# Designed and am building my own 4 rub rack



## mandl (Oct 9, 2011)

Hi all, 

Just an update on our new royal adventure.... Can't find the 'exactly right' rack for our needs so have decided to design and build my own, :gasp:


It'll house for 33litre rubs, in one column... So one wide, four high. It'll be finished to resemble the other furniture in the spare room and wil be loverly jubbly 

Have bought all the wood, cut all panels to size and begun rebating the top and sides. Hope to have it sorted tomorrow bar the external finish, so I'll get some pics done to show you what I've done...

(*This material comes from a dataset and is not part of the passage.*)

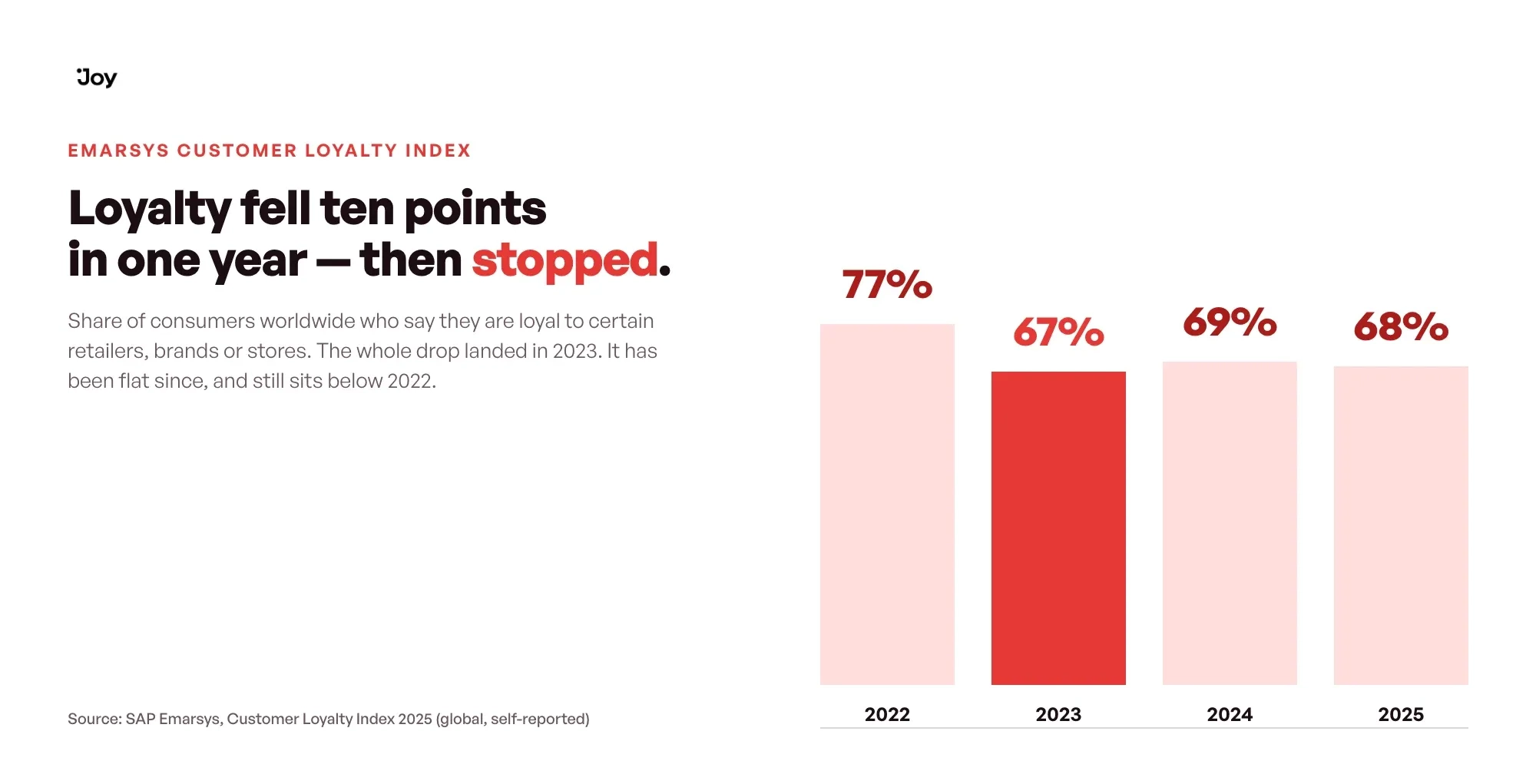 Emarsys Customer Loyalty Index: 77% in 2022, 67% in 2023, 69% in 2024, 68% in 2025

All rather fun this royal adventure 
:2thumb:
mandl 
(mike & Linda)


----------



## mandl (Oct 9, 2011)

here are some pics on my progress today 

drew up my thoughts and changed it a few times then did a set of plans, the stuff under the plans are a side panel (part finished) and the shelves.









This shows a side panel having rebates and the shelf slots cut into it.









a side panel all machined, just some sanding to the internal parts i wont be able to reach once it's all assembled.









all assembled (aside from the edge pieces covering the exposed mdf) and glued, all clamped and drying overnight









I've sealed all the joints with a bathroom silicone sealent to stop water ingress into the mdf..









the materials are :
19mm Pine veneer MDF for the side panels and top as I'm going to finish it to match my spare room furniture ... the rest is 15mm MDF.


hope you like it. more pics soon....

mandl


----------



## Azpiercedaz (Sep 17, 2006)

Looking good mate, nice work! :2thumb:


----------



## mandl (Oct 9, 2011)

Azpiercedaz said:


> Looking good mate, nice work! :2thumb:


Cheers  it's been fun so far! Will have more pics to post when it is in the finishing stages 

Mandl


----------



## mandl (Oct 9, 2011)

actually got a bit more time on this project today  so...

edge trims all going on to hide the exposed MDF









then all done - all edges have trim on them. this is also all sanded and awaiting a colour and varnish 









more soon 

mandl


----------



## mandl (Oct 9, 2011)

*All finished!! *

Hi gang 

an update - it's all finished. Stat and heat mats on the top three shelves (for now) are installed and cables neatly contained in cable conduits etc.

Finish has gone well and I'm very pleased I shall upload pics tonight.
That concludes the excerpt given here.